Another important consideration with St. John's wort
is the potential for drug-drug interactions (372–374).
St. John's wort appears to induce the metabolism of drugs
via CYP 3A4, reducing the efficacy of medications, including antiretroviral
medications, immunosuppressants (including cyclosporine), antineoplastic
agents, anticoagulants (including warfarin), oral contraceptives,
and hormone replacement therapy (373, 374).
Unwanted pregnancies have been reported with concomitant St. John's
wort and oral contraceptive use (373, 375, 376),
and rejection of transplanted organs has been observed when St.
John's wort is taken concurrently with cyclosporin (374).
The significant decreases in antiretroviral medication levels with
concomitant St. John's wort use suggest that these medications
will be less effective in treating HIV infection (374).
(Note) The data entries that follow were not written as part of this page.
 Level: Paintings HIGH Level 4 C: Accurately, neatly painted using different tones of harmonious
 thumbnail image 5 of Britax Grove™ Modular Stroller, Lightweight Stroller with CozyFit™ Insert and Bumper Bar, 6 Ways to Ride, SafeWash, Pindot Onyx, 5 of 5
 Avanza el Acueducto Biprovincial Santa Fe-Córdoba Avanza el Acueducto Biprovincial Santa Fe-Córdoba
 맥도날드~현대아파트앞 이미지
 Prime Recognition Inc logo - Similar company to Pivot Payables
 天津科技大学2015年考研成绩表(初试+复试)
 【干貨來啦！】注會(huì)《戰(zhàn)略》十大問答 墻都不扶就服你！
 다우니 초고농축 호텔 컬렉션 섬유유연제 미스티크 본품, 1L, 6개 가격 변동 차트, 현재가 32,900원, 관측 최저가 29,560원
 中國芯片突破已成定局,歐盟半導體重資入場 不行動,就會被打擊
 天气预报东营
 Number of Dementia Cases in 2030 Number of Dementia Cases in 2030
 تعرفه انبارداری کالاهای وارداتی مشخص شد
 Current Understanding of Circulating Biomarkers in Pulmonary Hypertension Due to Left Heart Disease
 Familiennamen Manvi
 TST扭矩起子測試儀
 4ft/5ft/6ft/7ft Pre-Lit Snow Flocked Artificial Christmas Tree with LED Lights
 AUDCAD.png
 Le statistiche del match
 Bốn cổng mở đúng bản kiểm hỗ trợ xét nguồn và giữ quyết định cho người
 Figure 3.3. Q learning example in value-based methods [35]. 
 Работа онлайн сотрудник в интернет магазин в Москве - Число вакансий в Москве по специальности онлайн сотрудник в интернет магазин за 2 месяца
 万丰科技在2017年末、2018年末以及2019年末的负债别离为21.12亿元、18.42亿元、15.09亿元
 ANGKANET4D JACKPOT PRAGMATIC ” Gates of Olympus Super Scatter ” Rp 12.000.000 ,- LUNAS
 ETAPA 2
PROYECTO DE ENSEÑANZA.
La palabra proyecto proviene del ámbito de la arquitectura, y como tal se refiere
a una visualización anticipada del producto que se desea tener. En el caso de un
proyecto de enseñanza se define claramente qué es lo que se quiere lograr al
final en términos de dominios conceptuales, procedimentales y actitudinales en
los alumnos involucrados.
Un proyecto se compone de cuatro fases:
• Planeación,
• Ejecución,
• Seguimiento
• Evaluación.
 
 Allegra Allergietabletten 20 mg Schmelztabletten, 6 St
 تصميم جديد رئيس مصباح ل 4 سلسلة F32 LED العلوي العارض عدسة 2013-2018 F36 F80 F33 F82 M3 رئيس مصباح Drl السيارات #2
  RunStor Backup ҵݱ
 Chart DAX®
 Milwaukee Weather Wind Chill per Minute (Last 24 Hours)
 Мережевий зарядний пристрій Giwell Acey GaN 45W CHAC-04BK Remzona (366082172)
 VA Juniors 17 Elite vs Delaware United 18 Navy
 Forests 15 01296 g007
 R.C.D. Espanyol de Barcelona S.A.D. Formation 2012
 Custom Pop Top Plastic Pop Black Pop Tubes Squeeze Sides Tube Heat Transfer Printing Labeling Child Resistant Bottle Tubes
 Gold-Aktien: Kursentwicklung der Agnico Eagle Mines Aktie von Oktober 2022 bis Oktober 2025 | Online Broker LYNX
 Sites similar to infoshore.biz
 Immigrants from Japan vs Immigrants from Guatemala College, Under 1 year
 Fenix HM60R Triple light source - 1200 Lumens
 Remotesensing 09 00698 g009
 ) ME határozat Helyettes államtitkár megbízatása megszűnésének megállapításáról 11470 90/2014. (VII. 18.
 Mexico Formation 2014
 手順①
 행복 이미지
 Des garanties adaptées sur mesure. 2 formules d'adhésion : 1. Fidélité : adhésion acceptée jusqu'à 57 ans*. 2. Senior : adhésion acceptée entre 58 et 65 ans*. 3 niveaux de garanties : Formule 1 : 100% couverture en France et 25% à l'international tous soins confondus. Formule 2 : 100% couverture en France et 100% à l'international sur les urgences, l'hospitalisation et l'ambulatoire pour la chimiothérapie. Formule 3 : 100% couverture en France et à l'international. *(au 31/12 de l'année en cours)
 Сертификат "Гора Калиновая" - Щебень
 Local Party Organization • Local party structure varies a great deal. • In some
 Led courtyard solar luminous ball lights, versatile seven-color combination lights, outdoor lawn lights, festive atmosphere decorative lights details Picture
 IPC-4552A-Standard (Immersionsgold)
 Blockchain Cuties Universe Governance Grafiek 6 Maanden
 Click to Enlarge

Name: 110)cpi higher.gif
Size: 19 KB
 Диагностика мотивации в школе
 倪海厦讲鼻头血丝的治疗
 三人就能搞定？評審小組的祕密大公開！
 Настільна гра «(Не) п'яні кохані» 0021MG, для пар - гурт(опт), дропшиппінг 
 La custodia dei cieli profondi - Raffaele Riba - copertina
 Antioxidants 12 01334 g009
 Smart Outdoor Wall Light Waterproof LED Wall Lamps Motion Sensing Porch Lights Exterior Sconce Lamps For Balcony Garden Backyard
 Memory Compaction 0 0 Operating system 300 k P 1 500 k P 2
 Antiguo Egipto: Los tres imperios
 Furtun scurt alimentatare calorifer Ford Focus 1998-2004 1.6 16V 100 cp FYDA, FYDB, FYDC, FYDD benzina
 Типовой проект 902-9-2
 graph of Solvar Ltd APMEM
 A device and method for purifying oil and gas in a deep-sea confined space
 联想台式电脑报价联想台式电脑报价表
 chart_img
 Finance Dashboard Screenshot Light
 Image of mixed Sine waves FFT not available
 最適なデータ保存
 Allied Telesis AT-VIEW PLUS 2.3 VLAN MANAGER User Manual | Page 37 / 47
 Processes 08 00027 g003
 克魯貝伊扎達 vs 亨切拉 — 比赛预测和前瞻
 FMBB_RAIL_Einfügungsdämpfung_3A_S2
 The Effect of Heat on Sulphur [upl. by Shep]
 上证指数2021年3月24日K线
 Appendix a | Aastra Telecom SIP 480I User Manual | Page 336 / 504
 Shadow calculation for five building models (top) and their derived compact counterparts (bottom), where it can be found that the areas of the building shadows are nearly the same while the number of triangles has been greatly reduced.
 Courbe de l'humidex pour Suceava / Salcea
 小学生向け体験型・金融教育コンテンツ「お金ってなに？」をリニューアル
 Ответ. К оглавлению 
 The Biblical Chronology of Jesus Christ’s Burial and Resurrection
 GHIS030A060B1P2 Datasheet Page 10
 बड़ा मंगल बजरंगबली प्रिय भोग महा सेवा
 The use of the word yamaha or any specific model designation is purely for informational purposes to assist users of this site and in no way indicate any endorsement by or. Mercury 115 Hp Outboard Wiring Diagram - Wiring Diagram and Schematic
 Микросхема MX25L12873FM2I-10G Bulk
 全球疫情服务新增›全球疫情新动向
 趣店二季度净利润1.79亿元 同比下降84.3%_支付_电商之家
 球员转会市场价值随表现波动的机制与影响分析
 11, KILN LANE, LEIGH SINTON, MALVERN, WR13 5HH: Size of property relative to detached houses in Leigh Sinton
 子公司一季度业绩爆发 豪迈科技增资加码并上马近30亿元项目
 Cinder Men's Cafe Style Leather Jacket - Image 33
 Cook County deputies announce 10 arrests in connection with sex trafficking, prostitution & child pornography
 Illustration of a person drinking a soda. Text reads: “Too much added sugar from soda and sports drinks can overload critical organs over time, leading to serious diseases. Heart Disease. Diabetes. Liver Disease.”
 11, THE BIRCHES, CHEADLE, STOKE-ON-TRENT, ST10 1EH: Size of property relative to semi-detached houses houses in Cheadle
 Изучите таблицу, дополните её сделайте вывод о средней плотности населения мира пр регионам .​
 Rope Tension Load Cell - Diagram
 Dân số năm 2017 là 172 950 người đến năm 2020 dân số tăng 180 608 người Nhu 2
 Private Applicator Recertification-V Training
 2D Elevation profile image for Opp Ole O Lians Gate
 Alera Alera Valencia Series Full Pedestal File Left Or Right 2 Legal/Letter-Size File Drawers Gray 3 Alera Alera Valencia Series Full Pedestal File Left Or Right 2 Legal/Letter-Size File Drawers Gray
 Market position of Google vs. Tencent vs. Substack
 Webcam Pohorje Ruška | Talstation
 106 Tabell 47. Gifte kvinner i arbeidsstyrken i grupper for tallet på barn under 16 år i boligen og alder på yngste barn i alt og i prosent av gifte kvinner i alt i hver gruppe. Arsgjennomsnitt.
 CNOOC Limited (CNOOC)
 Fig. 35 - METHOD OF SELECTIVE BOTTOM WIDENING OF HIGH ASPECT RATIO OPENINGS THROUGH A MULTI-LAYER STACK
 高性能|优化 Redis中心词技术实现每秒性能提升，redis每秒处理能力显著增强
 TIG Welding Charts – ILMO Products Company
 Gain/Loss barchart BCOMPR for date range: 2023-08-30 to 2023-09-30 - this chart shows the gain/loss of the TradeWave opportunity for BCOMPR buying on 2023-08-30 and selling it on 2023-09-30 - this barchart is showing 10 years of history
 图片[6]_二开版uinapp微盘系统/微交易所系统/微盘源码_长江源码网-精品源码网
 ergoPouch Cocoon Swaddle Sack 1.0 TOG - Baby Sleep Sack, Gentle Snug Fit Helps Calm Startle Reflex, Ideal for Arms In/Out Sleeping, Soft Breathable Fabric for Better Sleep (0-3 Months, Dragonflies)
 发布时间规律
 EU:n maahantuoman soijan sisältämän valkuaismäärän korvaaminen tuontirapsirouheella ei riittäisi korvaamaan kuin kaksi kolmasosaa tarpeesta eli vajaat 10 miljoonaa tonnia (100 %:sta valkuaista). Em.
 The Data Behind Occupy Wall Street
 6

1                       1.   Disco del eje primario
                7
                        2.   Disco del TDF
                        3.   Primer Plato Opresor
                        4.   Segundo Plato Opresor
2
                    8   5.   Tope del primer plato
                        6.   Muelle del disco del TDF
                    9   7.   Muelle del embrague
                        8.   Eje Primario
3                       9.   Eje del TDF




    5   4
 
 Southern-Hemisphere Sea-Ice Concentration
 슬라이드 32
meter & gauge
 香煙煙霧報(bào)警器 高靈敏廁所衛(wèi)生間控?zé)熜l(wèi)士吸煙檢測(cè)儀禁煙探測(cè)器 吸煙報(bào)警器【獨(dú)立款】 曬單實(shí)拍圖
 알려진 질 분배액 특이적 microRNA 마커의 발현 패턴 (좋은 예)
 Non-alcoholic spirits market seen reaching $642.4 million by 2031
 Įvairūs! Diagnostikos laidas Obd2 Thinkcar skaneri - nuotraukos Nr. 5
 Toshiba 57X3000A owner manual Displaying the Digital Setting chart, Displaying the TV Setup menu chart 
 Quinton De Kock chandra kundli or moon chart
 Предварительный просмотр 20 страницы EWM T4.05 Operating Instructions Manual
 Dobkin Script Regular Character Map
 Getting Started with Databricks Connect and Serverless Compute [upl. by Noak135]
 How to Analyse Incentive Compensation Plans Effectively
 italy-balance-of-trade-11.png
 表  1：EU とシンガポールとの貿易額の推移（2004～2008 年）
Effects
of St. John's wort on P-glycoprotein have also been observed,
altering the pharmacokinetics and pharmacodynamics of medications such
as digoxin that are transported by this route (374).
Apart from affecting blood levels of nonpsychiatric medications, the
safety and efficacy of the combined use of St. John's wort with
other antidepressant medications is not known. The combined use
of St. John's wort with MAOIs is contraindicated.
S-adenosyl methionine is
a naturally occurring molecule. In humans, it is concentrated in
the liver and the brain and serves as a methyl donor in the synthesis
of biologically active compounds such as phospholipids, catecholamines,
and the neurotransmitters dopamine and serotonin (377).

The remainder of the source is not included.